▶ Source material:
====
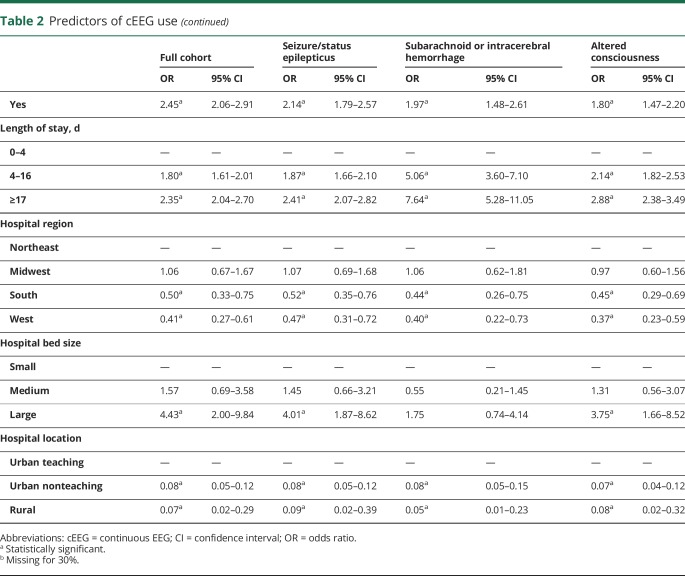 graphic file with name NEUROLOGY2018900324TT2A.jpg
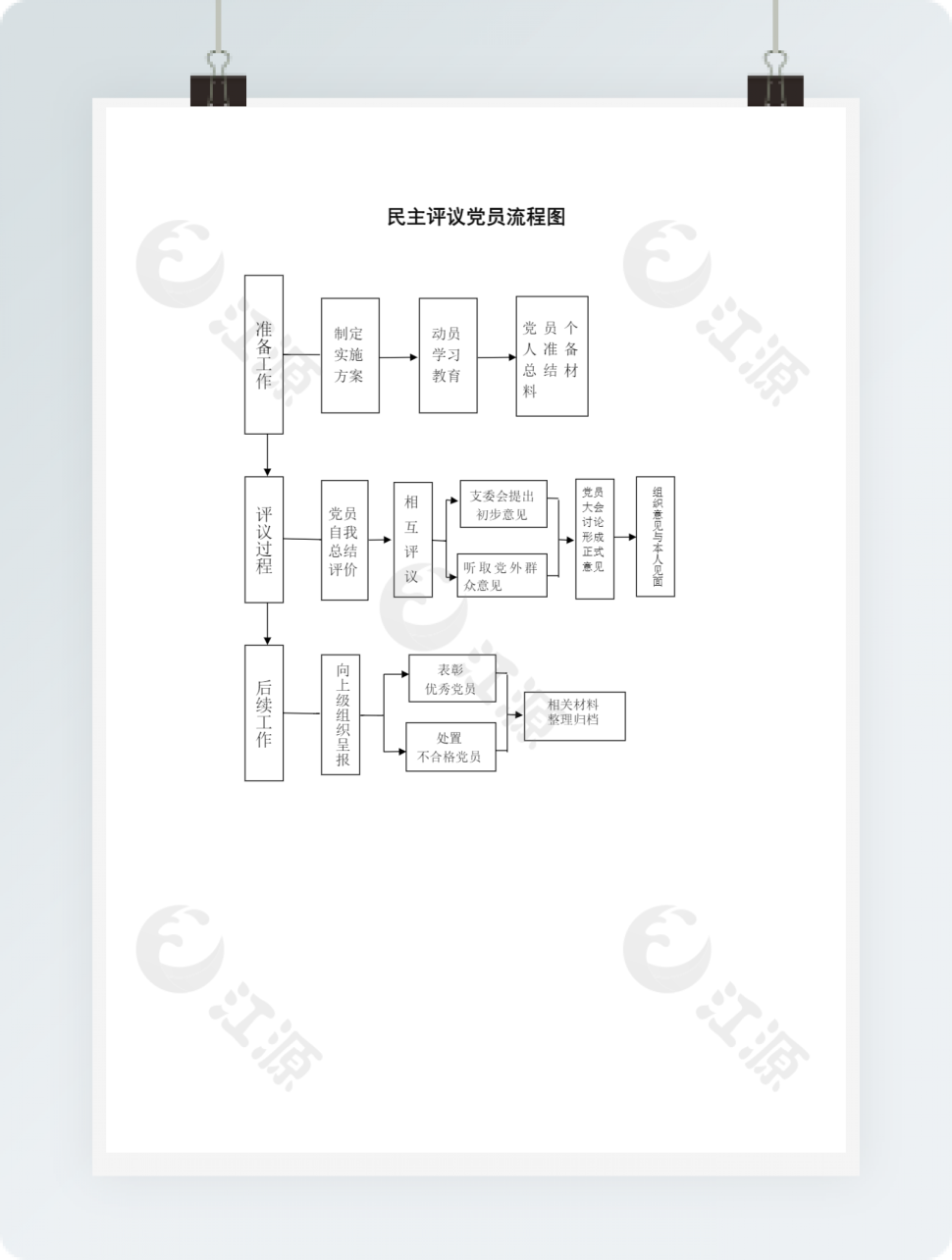 民主评议党员流程图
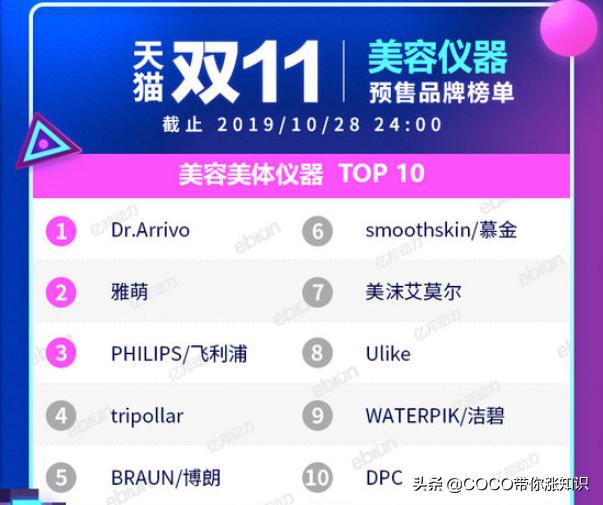 天猫双11类目排行榜2020,2021天猫双11各类目排行榜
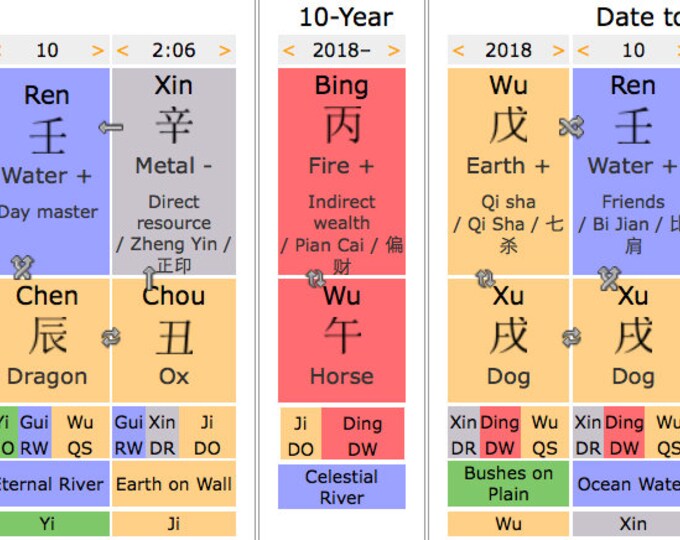 Gemstone Compatibility Chart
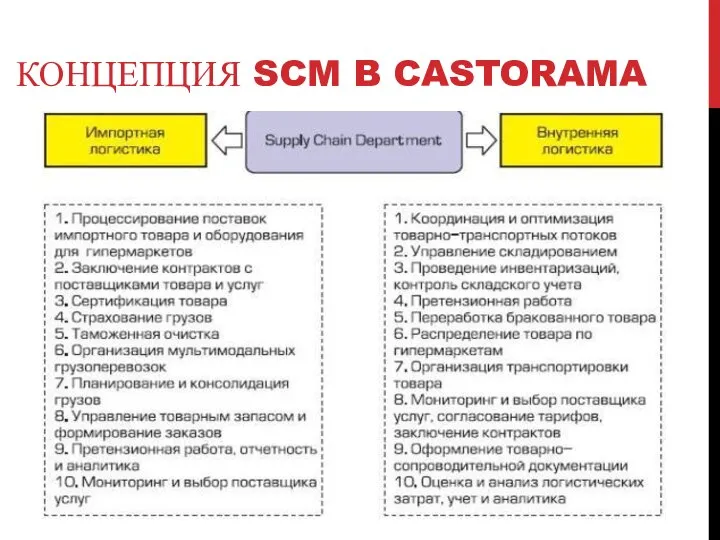 КОНЦЕПЦИЯ SCM B CASTORAMA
====
Set down a word-for-word copy of the records, dropping any picture.

 graphic file with name NEUROLOGY2018900324TT2A.jpg
 民主评议党员流程图
 天猫双11类目排行榜2020,2021天猫双11各类目排行榜
 Gemstone Compatibility Chart
 КОНЦЕПЦИЯ SCM B CASTORAMA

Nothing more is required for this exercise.